Source: Jeff Geerling: 15 TB VRAM on Mac Studio – RDMA over Thunderbolt 5

Kimi K2 Thinking (native 4-bit) on 4 × M3 Ultra Mac Studio with Tensor Parallel RDMA Benchmark - Kimi K2 Thinking (native 4-bit) on 4 × M3 Ultra Mac Studio with Tensor Parallel RDMA

Source: Jeff Geerling: 15 TB VRAM on Mac Studio – RDMA over Thunderbolt 5


Quick Start

Devices running exo automatically discover each other, without needing any manual configuration. Each device provides an API and a dashboard for interacting with your cluster (runs at http://localhost:52415).

There are two ways to run exo:

Run from Source (Mac & Linux)

Prerequisites:

  • brew (for simple package management on MacOS)

    /bin/bash -c "$(curl -fsSL https://raw.githubusercontent.com/Homebrew/install/HEAD/install.sh)"
  • uv (for Python dependency management)

  • macmon (for hardware monitoring on Apple Silicon)

  • node (for building the dashboard)

    brew install uv macmon node
  • rust (to build Rust bindings, nightly for now)

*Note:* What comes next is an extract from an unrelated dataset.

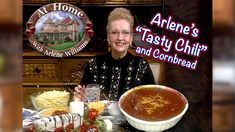 an older woman sitting at a table with a bowl of soup in front of her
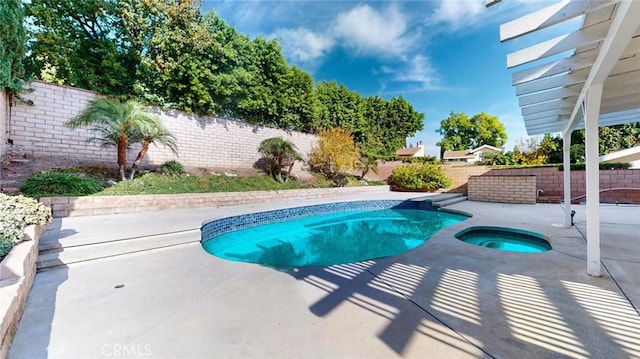 view of swimming pool featuring a patio area and an in ground hot tub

    curl --proto '=https' --tlsv1.2 -sSf https://sh.rustup.rs | sh
    rustup toolchain install nightly

Clone the repo, build the dashboard, and run exo:

# Clone exo
git clone https://github.com/exo-explore/exo

# Build dashboard
cd exo/dashboard && npm install && npm run build && cd ..

# Run exo
uv run exo

This starts the exo dashboard and API at http://localhost:52415/

macOS App

exo ships a macOS app that runs in the background on your Mac.

exo macOS App - running on a MacBook

The macOS app requires macOS Tahoe 26.2 or later.

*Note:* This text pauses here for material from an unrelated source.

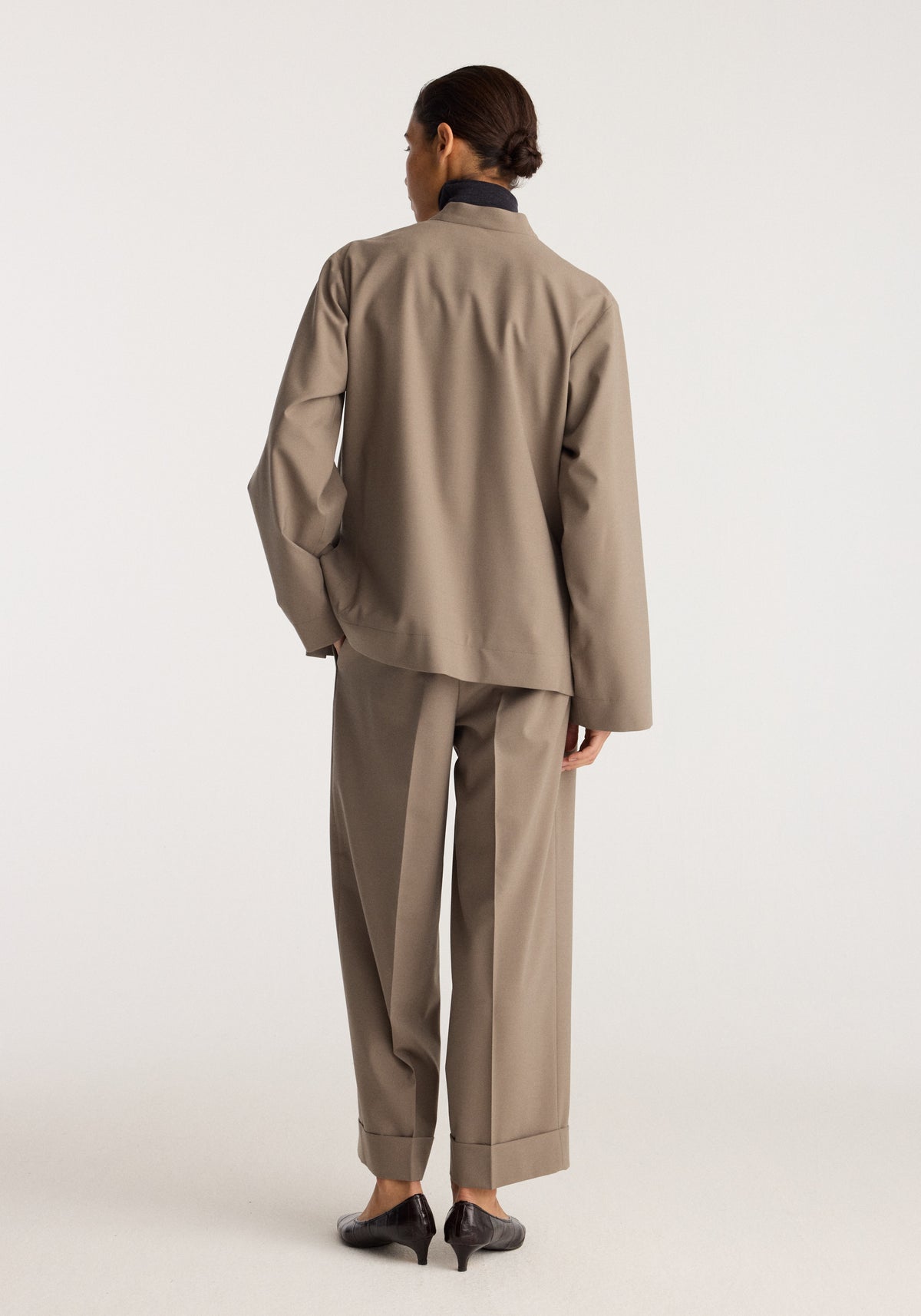 Pankou closure jacket | taupe seen from the back on a model, featuring a stand collar, long sleeves, relaxed fit, matching trousers, and black shoes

Download the latest build here: EXO-latest.dmg.

The app will ask for permission to modify system settings and install a new Network profile. Improvements to this are being worked on.


Using the API

If you prefer to interact with exo via the API, here is an example creating an instance of a small model (mlx-community/Llama-3.2-1B-Instruct-4bit), sending a chat completions request and deleting the instance.


1. Preview instance placements

The /instance/previews endpoint will preview all valid placements for your model.

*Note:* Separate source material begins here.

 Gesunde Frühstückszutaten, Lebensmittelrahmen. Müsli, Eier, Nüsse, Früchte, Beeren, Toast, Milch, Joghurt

curl "http://localhost:52415/instance/previews?model_id=llama-3.2-1b"

Sample response:

{
  "previews": [
    {
      "model_id": "mlx-community/Llama-3.2-1B-Instruct-4bit",
      "sharding": "Pipeline",
      "instance_meta": "MlxRing",
      "instance": {...},
      "memory_delta_by_node": {"local": 729808896},
      "error": null
    }
    // ...possibly more placements...
  ]
}

This will return all valid placements for this model. Pick a placement that you like. To pick the first one, pipe into jq:

curl "http://localhost:52415/instance/previews?model_id=llama-3.2-1b" | jq -c '.previews[] | select(.error == null) | .instance' | head -n1

2. Create a model instance

Send a POST to /instance with your desired placement in the instance field (the full payload must match types as in CreateInstanceParams), which you can copy from step 1:

curl -X POST http://localhost:52415/instance \
  -H 'Content-Type: application/json' \
  -d '{
    "instance": {...}
  }'

Sample response:

{
  "message": "Command received.",
  "command_id": "e9d1a8ab-...."
}

3. Send a chat completion

Now, make a POST to /v1/chat/completions (the same format as OpenAI's API):

curl -N -X POST http://localhost:52415/v1/chat/completions \
  -H 'Content-Type: application/json' \
  -d '{
    "model": "mlx-community/Llama-3.2-1B-Instruct-4bit",
    "messages": [
      {"role": "user", "content": "What is Llama 3.2 1B?"}
    ],
    "stream": true
  }'

4. Delete the instance

When you're done, delete the instance by its ID (find it via /state or /instance endpoints):

curl -X DELETE http://localhost:52415/instance/YOUR_INSTANCE_ID

Other useful API endpoints:*

  • List all models: curl http://localhost:52415/models
  • Inspect instance IDs and deployment state: curl http://localhost:52415/state

For further details, see API types and endpoints in src/exo/master/api.py.


Hardware Accelerator Support

On macOS, exo uses the GPU. On Linux, exo currently runs on CPU. We are working on extending hardware accelerator support. If you'd like support for a new hardware platform, please search for an existing feature request and add a thumbs up so we know what hardware is important to the community.


Contributing

See CONTRIBUTING.md for guidelines on how to contribute to exo.